I like no homework, and it works for many kids/families where learning and reading already happens at home, regardless of an assignment given(like your daughter).

However most of my students are way behind in their reading. Their homework (generally) is to read 30 minutes and night, do a reading response, and some math. Most of my students would not read unless it was assigned, and many still do not read even though it is assigned.

I do think kids are spending way too much time with hwk, and not enough time exploring, reading for the fun of it, etc...

I also teach in a low-income neighborhood in Oakland, CA- so there are not a lot of places to play outside. Families usually keep their kids indoors which = video games/tv... and I think I'd much prefer hwk to those choices!
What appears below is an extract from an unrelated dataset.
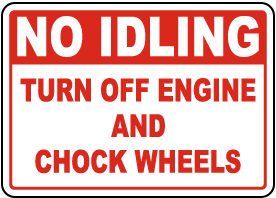 Turn Off Engine and Chock Wheels Sign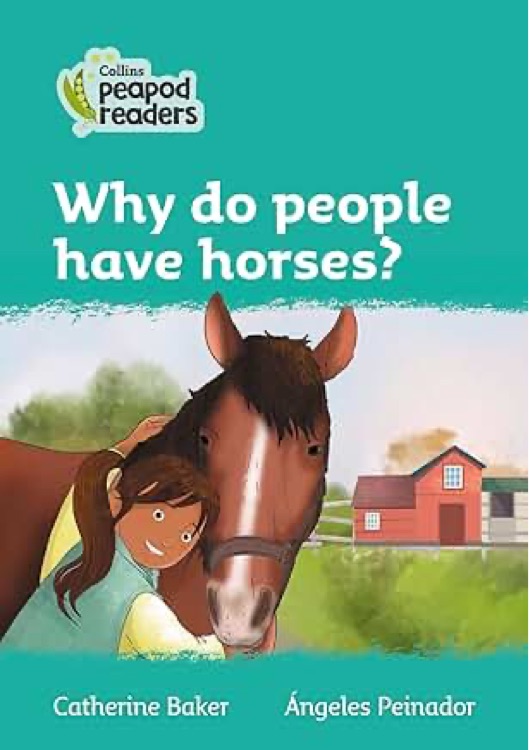 Why do people have horses?: Level 3 (Collins Peapod Readers) Why do people have horses?: Level 3 (Collins Peapod Readers)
I'm glad that your school is figuring out something that works well for your community :)

Tracy said...

I STOPPED sending homeowrk home this year. It wasnt fair to those who DO do it and those firsties whose parents dont care and never get anything done.
I am changing it up a bit for next year tho. I have a spelling tic tac toe board for the kids to do more spelling practice (before they had to do sentences...and it never got done). Also, since we are going to more of a math workshop method I will be sending home the games for the weekend for the parents to play WITH their child.

Sarah said...

I so agree - I still have to send home homework or I'd get in trouble with the principal. I wish she would reconsider for all the great reasons you mentioned!

Jenny said...

Teacher Mum, your last sentence hits the nail on the head in my opinion.

The Girl, that sounds like a lack of support from parents in regards to school in general. That's really unfortunate. The kids will quickly learn that school is not important. However, I do have to disagree that schoolwork is more important than any extracurricular activity. Kids who struggle in school but excel in an extracurricular activity need that in their lives.

Rebecca, I hate that families don't have good options for their kids after school. That's true for my students as well and it makes me so sad for them.

Tracy, when I taught fourth/fifth grades I sent home math games throughout the year as the kids learned them. I loved having that as their math homework. I should go back to doing that.

Sarah, ugh, it pains me that principals focus on such things.